Flat warts are pretty much invisible; if that's what you had, you would never have known it.
Stop worrying about this. You're concerned about outcomes that are less likely than a lightning strike.
I say flat because they are smooth, some very small, and hard to notice. I am thinking of going to get a biopsy. So what constitutes a "flat" wart? Because I don't get that cauliflower look to em'...
Welcome back to the forum.
Since your warts were obviously visible, i.e. not "flat" warts, you can be confident they were caused by the usual "low risk" HPV types, probably HPV-6 or 11 (which cause 90% of genital warts). But even if due to a high risk type, you really shouldn't be worried about cancer. The high risk HPV types, like HPV-16 and others, progress to cancer in well under one of every 1,000 infected persons -- maybe only one in hundreds of thousands. And when that happens, it's typically 20-50 years later.
Look at it this way: every year in the US there are hundreds of thousands (maybe millions?) of men new infections with the high-risk, cancer-causing strains of HPV. But how many cases are there each year of penile or oral cancer? Have you ever known anybody with these cancers? They are very, very rare -- far less common than lung, prostate, breast, and other cancers.

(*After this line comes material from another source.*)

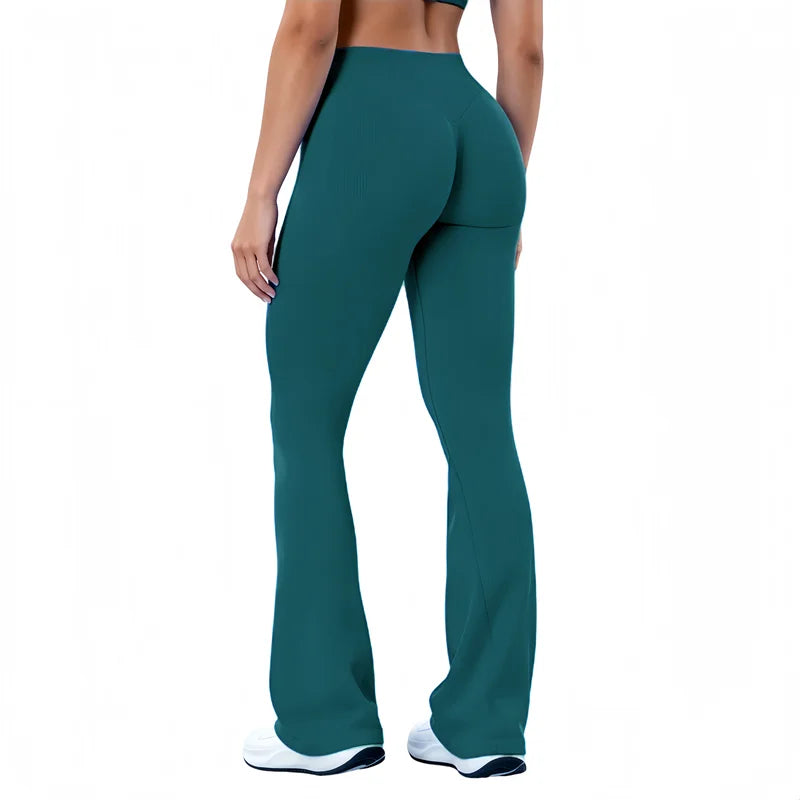 A person wearing dark teal seamless flared yoga leggings and white athletic shoes.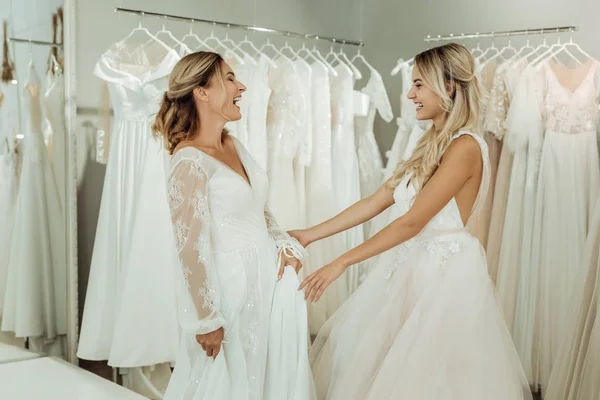 Two beautiful brides laughing in a wedding salon.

Dr. Hook attempted to reassure you about oral HPV in your thread a few weeks ago. As he advised you, this is an irrational worry. HPV doesn't cause geographic tongue or any of the other symptoms you mention. Even when it causes throat cancer, it's typically after age 50 and only in people who are smokers who also abuse alchohol -- and even with these factors, it remains a rare cancer.
If your oral symptoms continue, of course you should not rely on a distant online forum; see a health professional. But from all you say, I cannot imagine that you have anything to worry about in regard to your recent HPV infection.